**The data**:
********
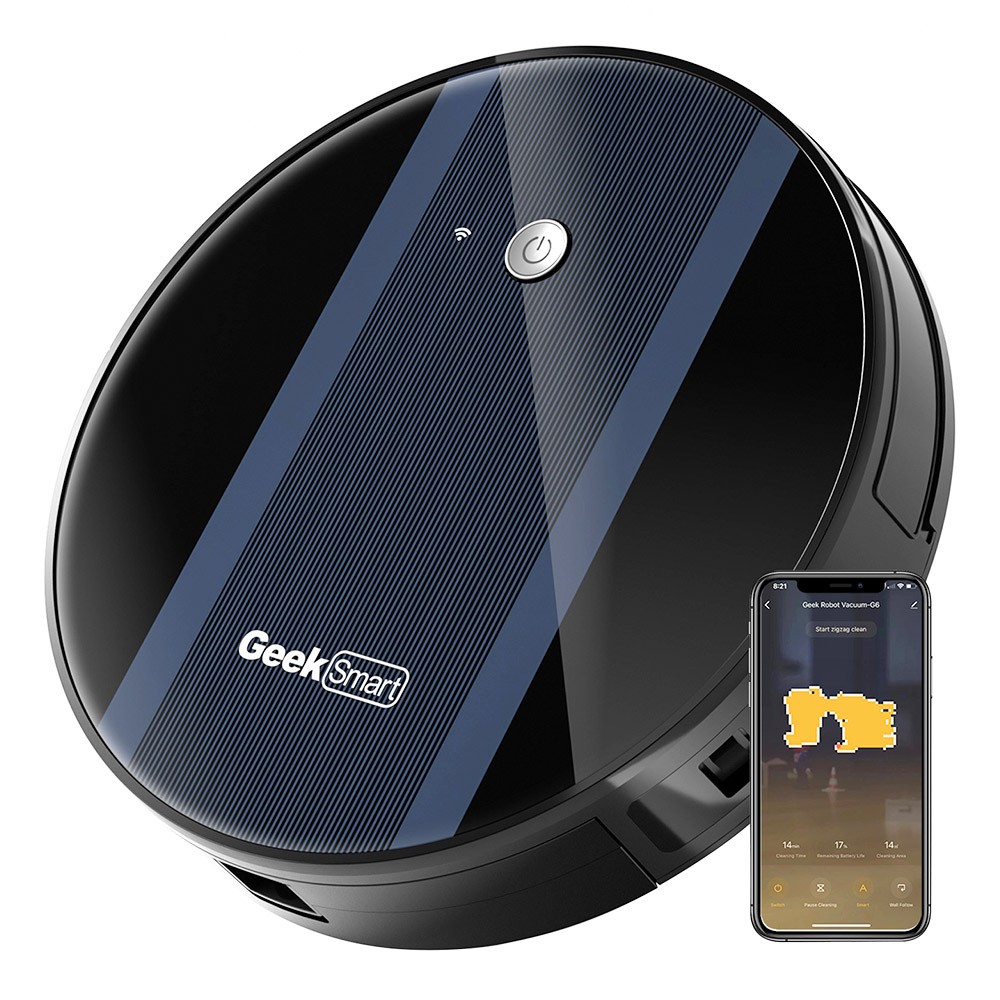 Geek Chef G6 Smart Robot Vacuum Cleaner, Ultra-Thin, 1800Pa Strong Suction, Automatic Self-Charging, 500ml Dustbin, 2600mAh Capacity, 100min Runtime, WiFi Connection, App Control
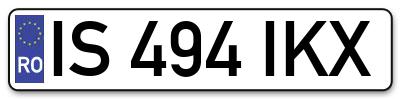 Placuta inmatriculare numar auto  IS-494-IKX, IS 494 IKX, IS494IKX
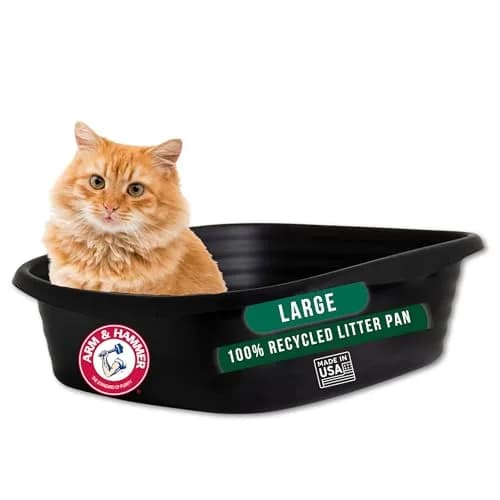 Arm & Hammer Simply Recycled Plastic Cat Litter Pan, Large, Black | Odor Control & Easy Clean thumbnail 1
********
**Your assignment**: Write out, word for word, the line containing "Placuta inmatriculare numar" and each line after it to the end of the data, and nothing more. Drop the pictures.

**Task result**:
 Placuta inmatriculare numar auto  IS-494-IKX, IS 494 IKX, IS494IKX
 Arm & Hammer Simply Recycled Plastic Cat Litter Pan, Large, Black | Odor Control & Easy Clean thumbnail 1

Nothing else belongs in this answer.